Nora, Nate, and Shaun were probably gone. She hadn’t even gotten to meet Shaun yet. She was going to fly there after LA. Meet Mary Elizabeth up there, and then they would fly back together. Cooper and Janey. She looked at her watch. They were already neck deep in that stupid early morning kids' birthday party. She didn’t even bother to wipe away the tears streaming down her face. What did it fucking matter now? The world was ending, and if it weren’t for her sister’s desperate insistence to come home, she would have died along with them.
She jumped, startled by Mary Elizabeth taking her hand and clutching it tightly. Lena didn’t even hear her get up from the table. She pulled her little sister into her arms and held her close, eyes still locked on the news until it went to static. Her hair was still damp from the shower, but Lena didn’t care. It was tuned to the Memphis news station. Which meant it was probably gone, too.
“Do you believe me now?” Mary Elizabeth whispered.

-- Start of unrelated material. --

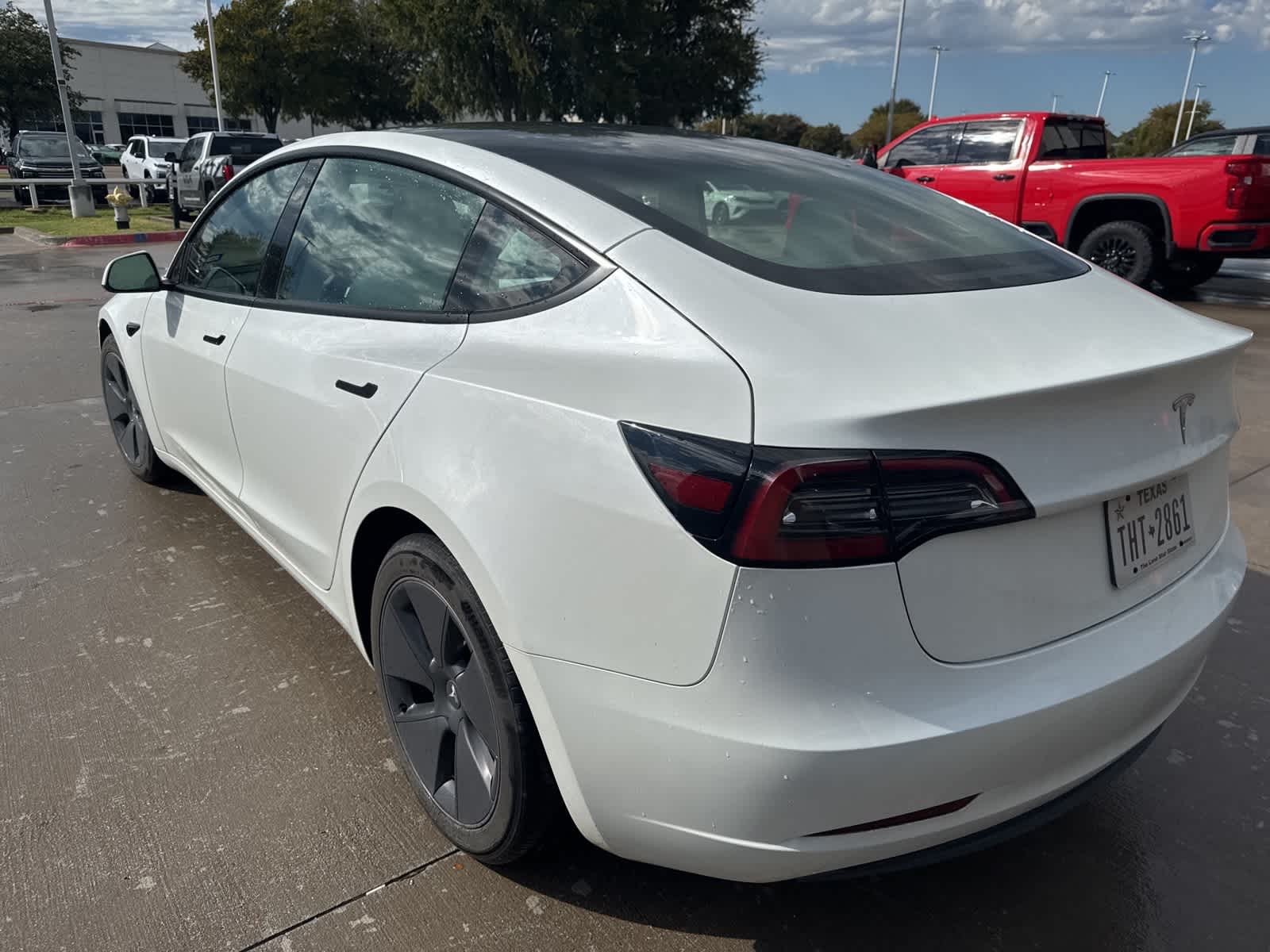 Thumbnail: 2023 Tesla Model 3 - 4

“I do. I’m sorry I didn’t listen sooner,” she whispered in reply, refusing to let her go. She could hear sirens and screaming coming from the streets outside their house. She knew it was probably chaos outside, so she just wanted to soak up what little bit of peace was left inside the walls of their home before it infiltrated there, too.
“You were the only one who cared enough about me to come home. Even if you were just humoring me,” Mary Elizabeth said, “It has always just been you.”
“They care, too. Especially Nora. She would have been here if she hadn’t had Nate and Shaun to worry about. The reports just said South Boston. Their neighborhood is in the northern suburbs, and Nate was a far better soldier than I ever was. He’d die before he ever let anything bad happen to Shaun or Nora,” she said as she pressed her forehead to the top of her sister's head, trying to will herself not to sob uncontrollably.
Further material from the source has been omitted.